[Records drawn from a dataset]
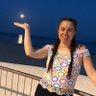 TrisMartin22's profile picture. Soñadora de mundos y escritora de sueños. Solo cuando escribo alcanzo la felicidad.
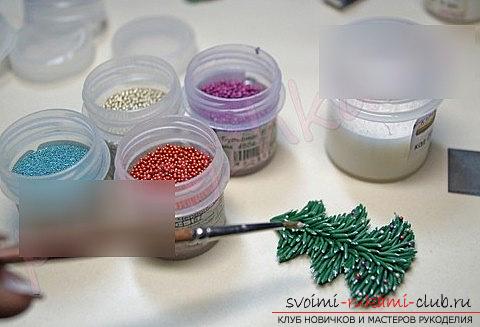 Как сделать брошь в форме ёлочки из полимерной глины - урок и мастер-класс. Фото №5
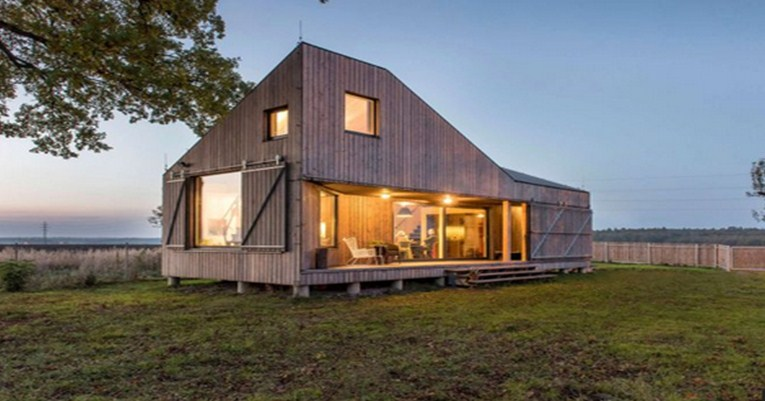 Desain Rumah Panggung All In Grey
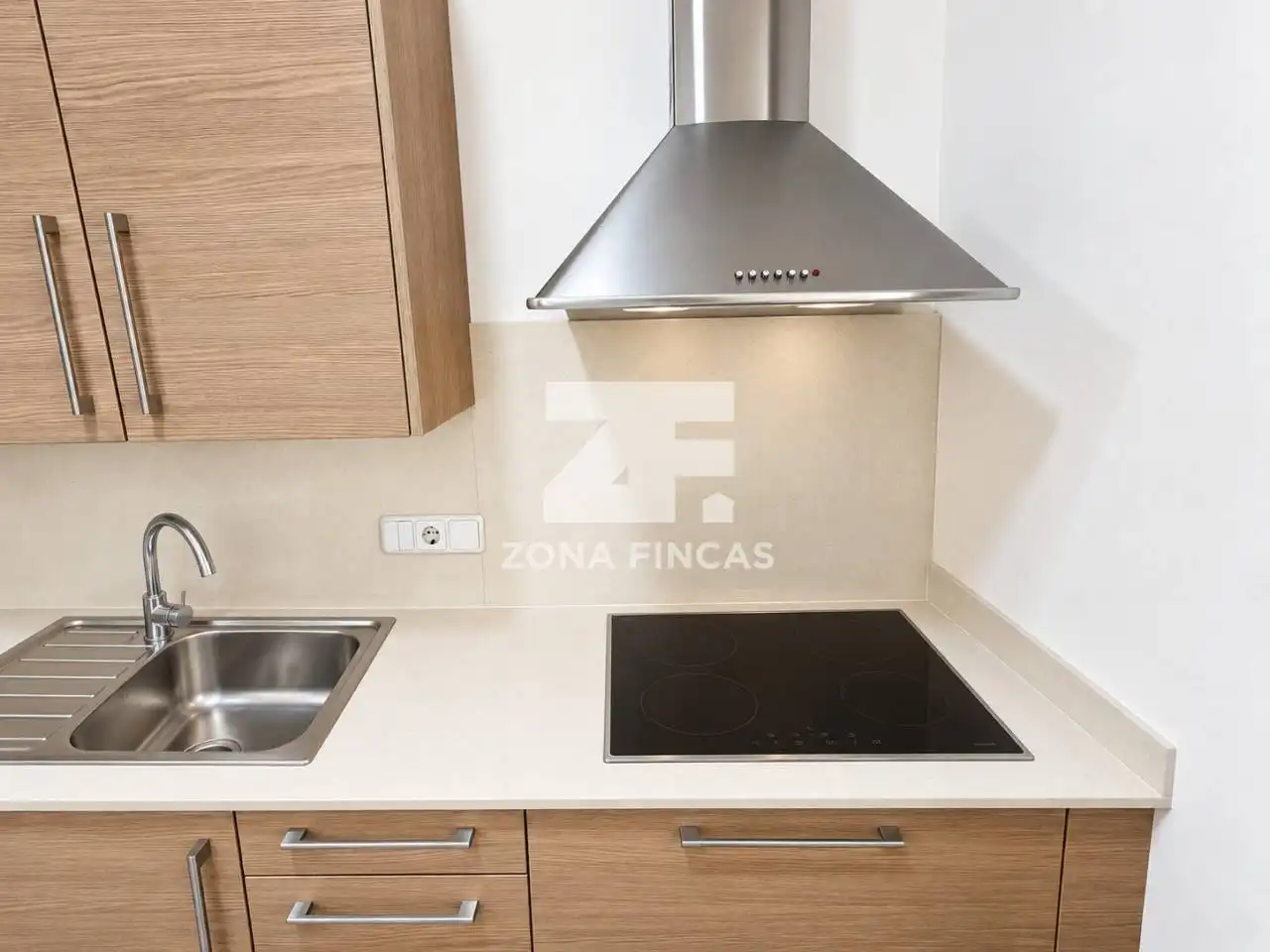 Küche von Wohnung zum Verkauf in Badalona mit Klimaanlage, Heizung und Terrasse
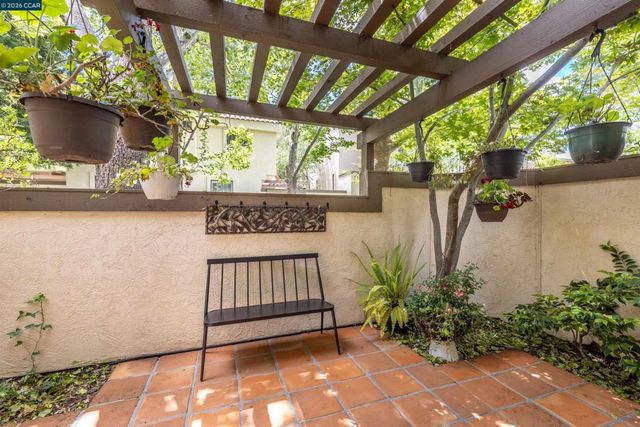 558 Churchill Downs Ct, Walnut Creek, CA 94596
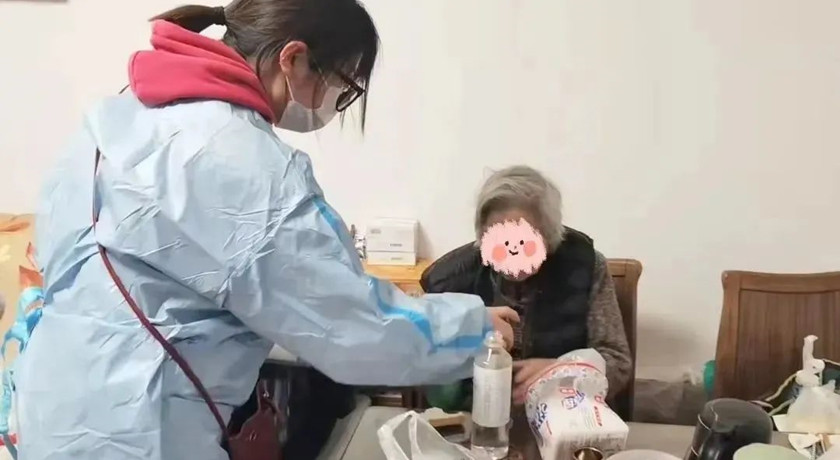 20220429民政守“沪”者|菜不够了、药没有了怎么办?嘉定区外冈镇有一群“临时子女”_副本.jpg 20220429民政守“沪”者|菜不够了、药没有了怎么办?嘉定区外冈镇有一群“临时子女”_副本.jpg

Task: Although the records contain pictures, only their text should be repeated, exactly as it appears.

Answer to the problem:
 TrisMartin22's profile picture. Soñadora de mundos y escritora de sueños. Solo cuando escribo alcanzo la felicidad.
 Как сделать брошь в форме ёлочки из полимерной глины - урок и мастер-класс. Фото №5
 Desain Rumah Panggung All In Grey
 Küche von Wohnung zum Verkauf in Badalona mit Klimaanlage, Heizung und Terrasse
 558 Churchill Downs Ct, Walnut Creek, CA 94596
 20220429民政守“沪”者|菜不够了、药没有了怎么办?嘉定区外冈镇有一群“临时子女”_副本.jpg 20220429民政守“沪”者|菜不够了、药没有了怎么办?嘉定区外冈镇有一群“临时子女”_副本.jpg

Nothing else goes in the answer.